Zadar, Croatia, is a historical city with a rich heritage dating back more than three thousand years and renowned for its beautiful architecture, panoramic views of the Adriatic Sea shoreline, and rich cultural heritage. Zadar has blossomed into a popular tourist destination and is now often considered among Europe’s top tourist destinations. To be sure, but what of Zadar’s past? How did it change to become the charming metropolis it is now?
Come along as we take you on a journey through Zadar’s history, from the days when it was part of the Roman Empire to the days when it was part of the Italian Empire, and on up to the current day, when you can find out what to expect from one of the most popular tourist attractions in Croatia.
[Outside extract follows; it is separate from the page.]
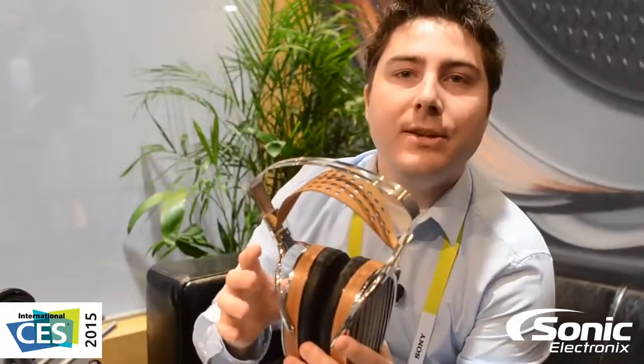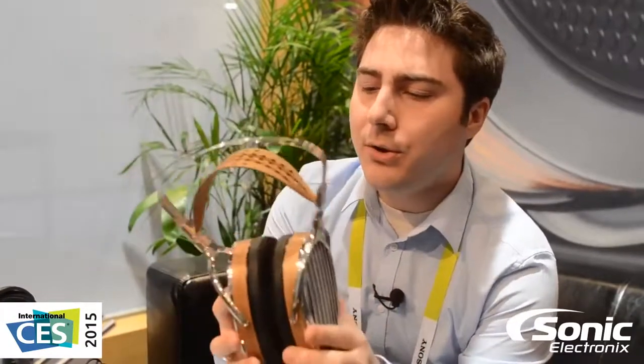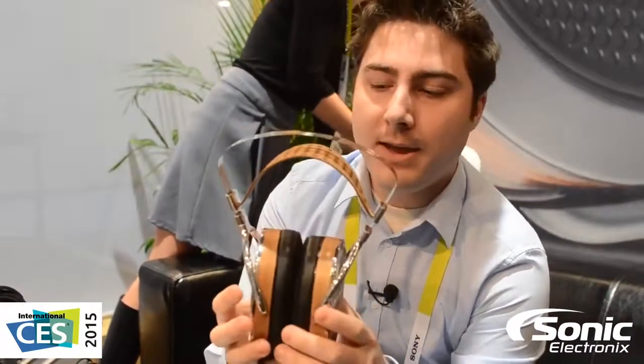So when you're listening to your music, you're really there — you're in the middle of that concert in that Symphony Hall. It's going to be this incredible, immersive environment during your listening sessions. These are the new HE-1000 headphones from Hi-Fi Man, their new flagship, and you can expect those to be shipping soon. From CES 2015, this is Sonic Electronics.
Here is the The History Of Zadar for you.
Zadar’s Past: The Cradle of Civilization
Zadar as we know it now was only in its early stages when Romans arrived in the region in the second century. During this time, the city’s fundamental design began to take shape, with the building of its walls, roads, gates, and many of its most recognisable historic monuments. Some of the attractions that are still standing and can be visited on Zadar sightseeing tours include the Capitolium, the Pillar of Shame, and the Roman Forum.
Zadar’s rich past
A tribe of Illyrians called the Liburnians settled in the area in the seventh century, laying the groundwork for the city’s eventual expansion. Zadar, Croatia, was formerly governed by one set of laws, but that all changed quite quickly. As the Croatian state emerged inland around the end of the 9th century, it didn’t take long for Croat officials to seize control of Zadar.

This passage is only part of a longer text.